# cerros



## bichitomireia

¿Existe alguna palabra en italiano equivalente al "cerro"? Creo que colle o collina, pero cerro da la idea de aridez, que no transmiten los términos que yo conozco... "El sol echaba sus últimos resplandores sobre los cerros desnudos, arenosos, a los que daba un color cobrizo y de oro pálido"


----------



## irene.acler

Mi diccionario (Tam) pone "colle/collina" como has dicho tú.
"Cerro" es una palabra nueva para mí, por lo tanto no sé cómo ayudarte..


----------



## bichitomireia

Sarebbe un colle spoglio di vegetazzione, ma non riesco a trovare il termine giusto :O(


----------



## irene.acler

bichitomireia said:


> Sarebbe un colle spoglio di vegetazzione, ma non riesco a trovare il termine giusto :O(


 
 
Mmm, no sé, de verdad..esperamos a alguien que sepa algo más!


----------



## JOSE FERNANDEZ ORTIZ

Cerro ... vol dire piccolo monte, un piccolo colle.
In spagnolo si usa anche "monte/s"


----------



## irene.acler

JOSE FERNANDEZ ORTIZ said:


> Cerro ... vuol dire piccolo monte, un piccolo colle.
> In spagnolo si usa anche "monte/s"


 
Mm, entiendo..pero por ahora en italiano no se me ocurre nada más que "colle" o "collina".


----------



## Silvia10975

Un'altra parola che traduce "cerro" è "poggio". Ovvero "...sopra i poggi brulli...". Ci sarebbe anche "pendio" non so se il contesto è adatto.
Buon lunedì a tutto il forum!
Silvia.


----------



## irene.acler

Poggio..non ci avevo pensato! Ma i "poggi" sono aridi o hanno vegetazione??


----------



## Silvia10975

Mah, dipende dall'aggettivo che gli metti vicino 
Ovvero... non credo che esista (o meglio, non lo conosco) l'esatto sinonimo di "cerro" che renda in un'unica parola l'intero concetto di colle spoglio.


----------



## irene.acler

Capito! Era solo una curiosità, muchas gracias!!


----------



## bichitomireia

grazie a tutti, non ho potuto rispondere prima


----------



## reys

bichitomireia said:


> Sarebbe un colle spoglio di vegetazzione, ma non riesco a trovare il termine giusto :O(





irene.acler said:


> Poggio..non ci avevo pensato! Ma i "poggi" sono aridi o hanno vegetazione??





s10975 said:


> Mah, dipende dall'aggettivo che gli metti vicino
> Ovvero... non credo che esista (o meglio, non lo conosco) l'esatto sinonimo di "cerro" che renda in un'unica parola l'intero concetto di colle spoglio.
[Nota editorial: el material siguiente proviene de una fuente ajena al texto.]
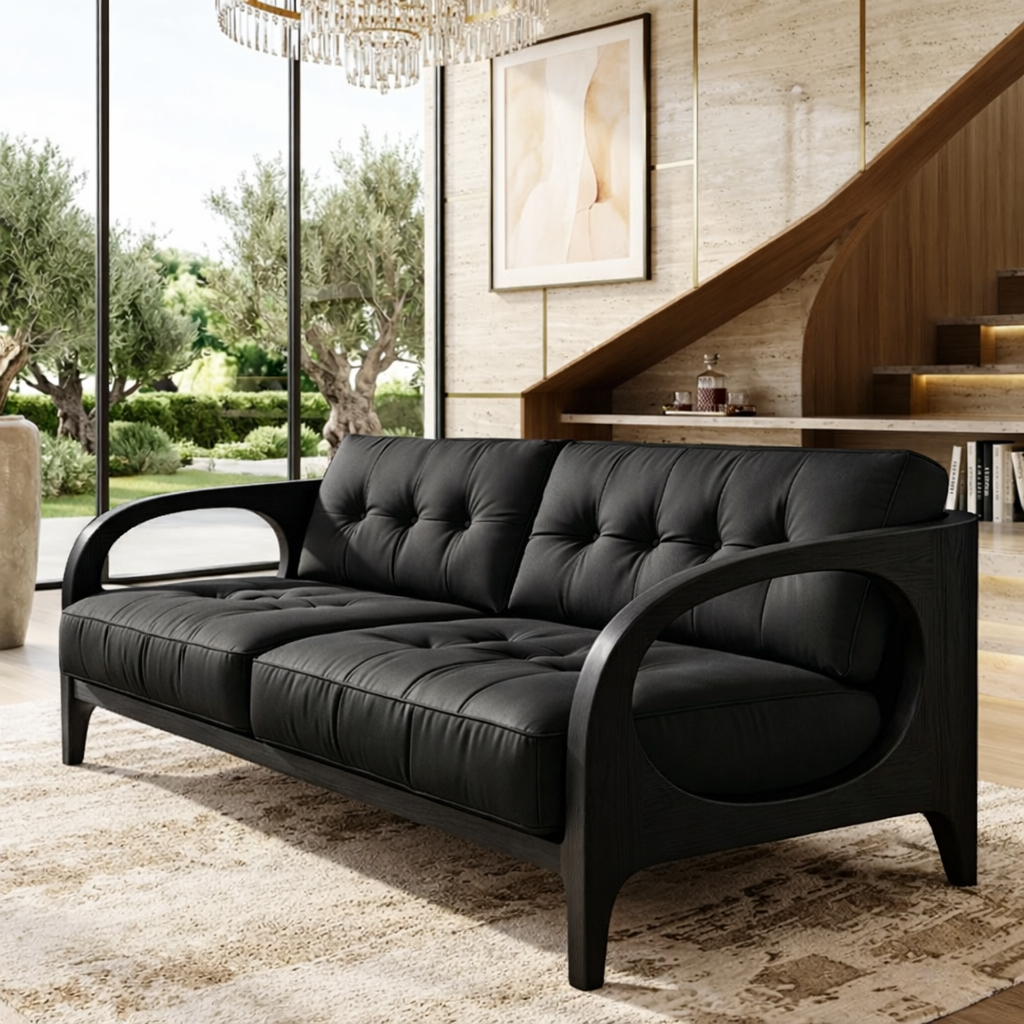 Curved Solid Wood Sofa with Cream Tufted Cushions Mid Century Modern Loveseat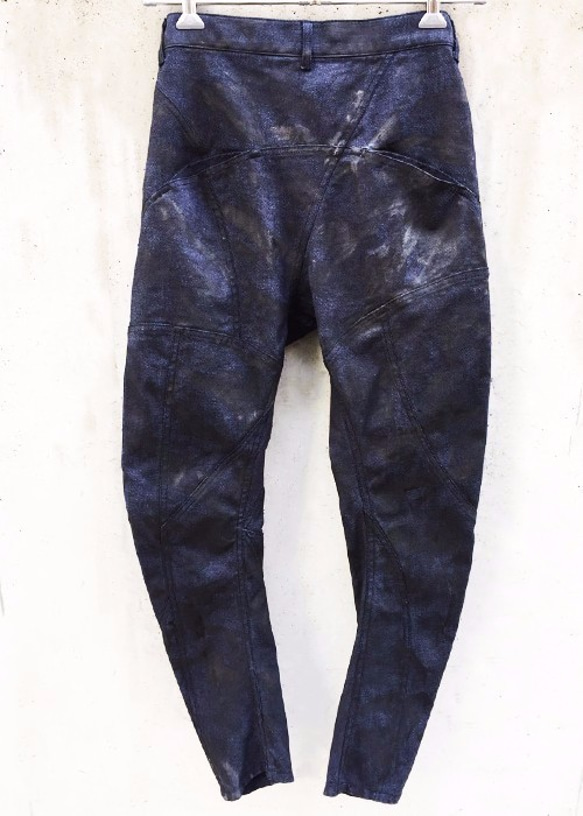 Black Coated Indigo Denim Pants Size3 第2張的照片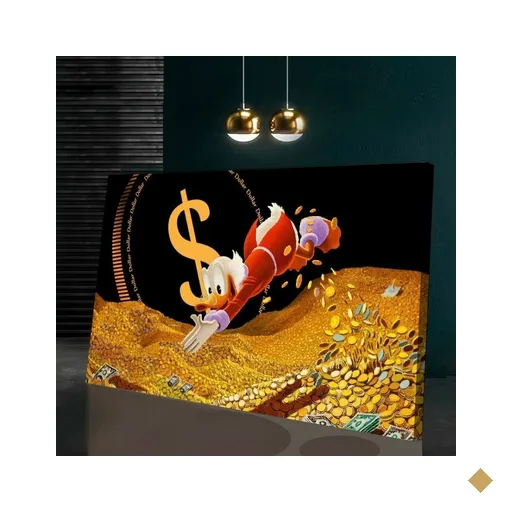 Quadro Decorativo Tio Patinhas Nadando Em Dinheiro:90x60/PRETA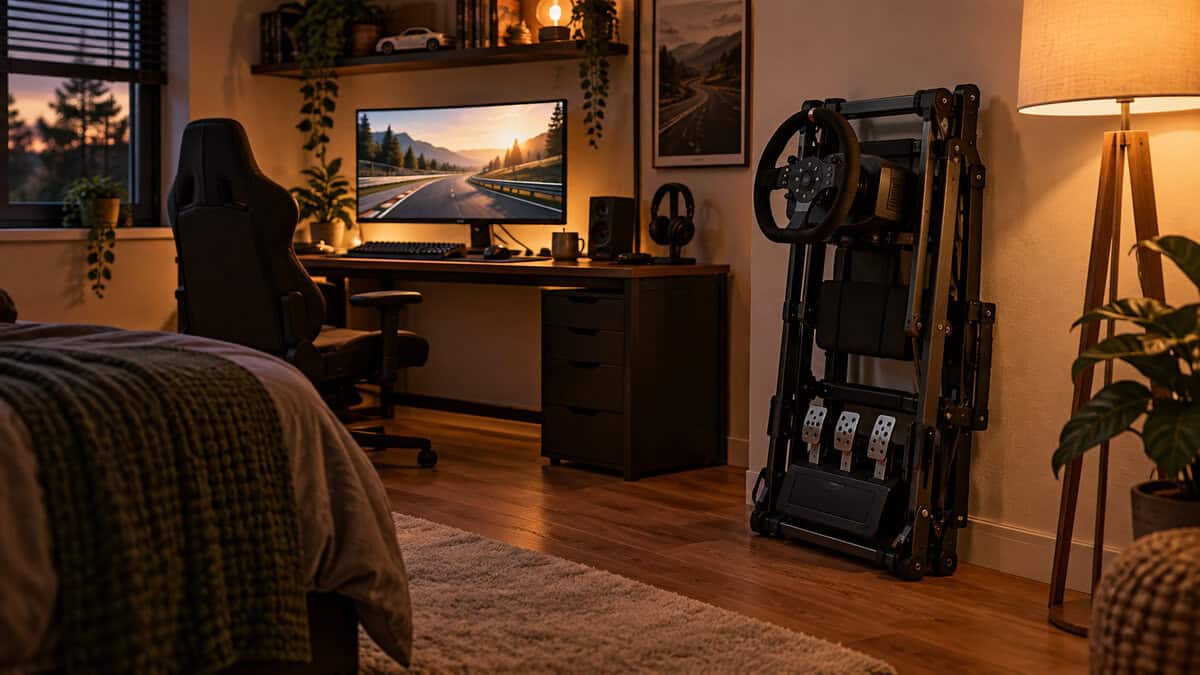 Folded sim racing cockpit with the wheel and pedals still attached standing against a bedroom wall beside a floor lamp, a gaming desk and monitor behind it in warm evening light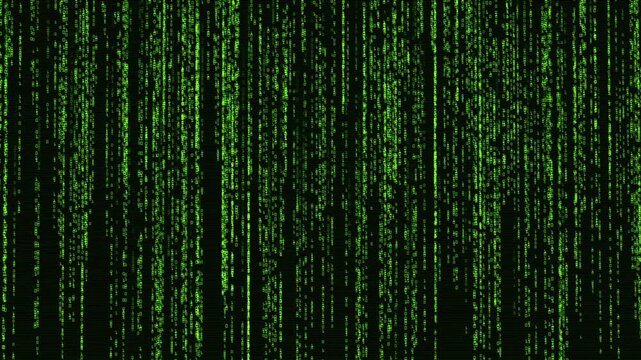 Glowing Green Binary Digits Changing randomly in a Matrix binary matrix code and a schematic brain Artificial Intelligence concept seamless loop 4k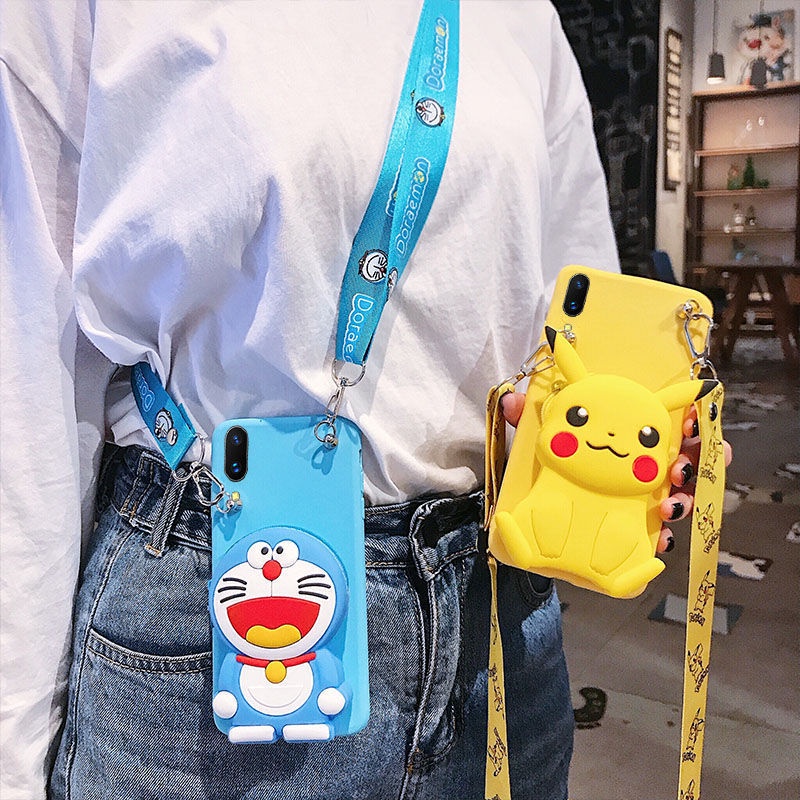 For iPhone 6 6S 7 8 Plus X XS MAX XR 13 12 Mini 11 Pro Max Cartoon Soft TPU Coin Back Cover Cute 3D Pikachu Doraemon Wallet Bags Phone Case With Lanyard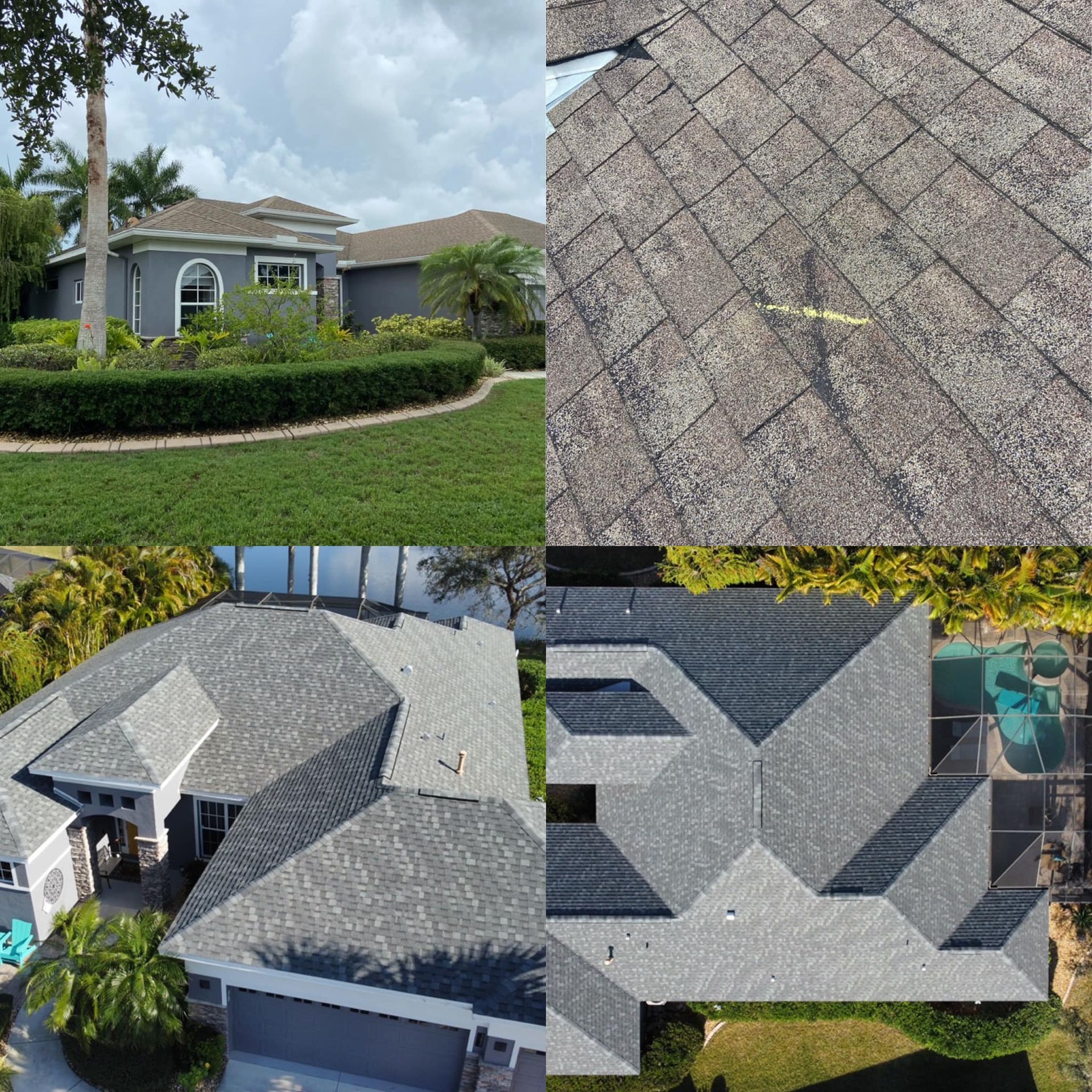 A collage of pictures of a house and its roof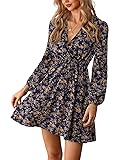 CUPSHE Women's V Neck Ditsy Floral Mini Dress Long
Ciao!! I "cerros" possono essere aridi o con vegetazione. Dipende della sua ubicazione geografica. Secondo la RAE, sono qualunque altezza da terra isolata, ma più bassa da una montagna, senza precisare la sua vegetazione.

Saluti!


----------



## irene.acler

reys said:


> Ciao!! I "cerros" possono essere aridi o con vegetazione. Dipende dalla loro ubicazione geografica. Secondo la RAE, sono qualunque altezza da terra isolata, ma più bassa di una montagna, senza precisare la sua vegetazione.
> 
> Saluti!


 
Gracias por la explicación y el enlace.
Espero que no te moleste si te he hecho algunas correcciones.


----------



## reys

irene.acler said:


> Gracias por la explicación y el enlace.
> Espero que no te moleste si te he hecho algunas correcciones.



Al contrario, Irene! Ti ringrazio molto! 

Saluti!


----------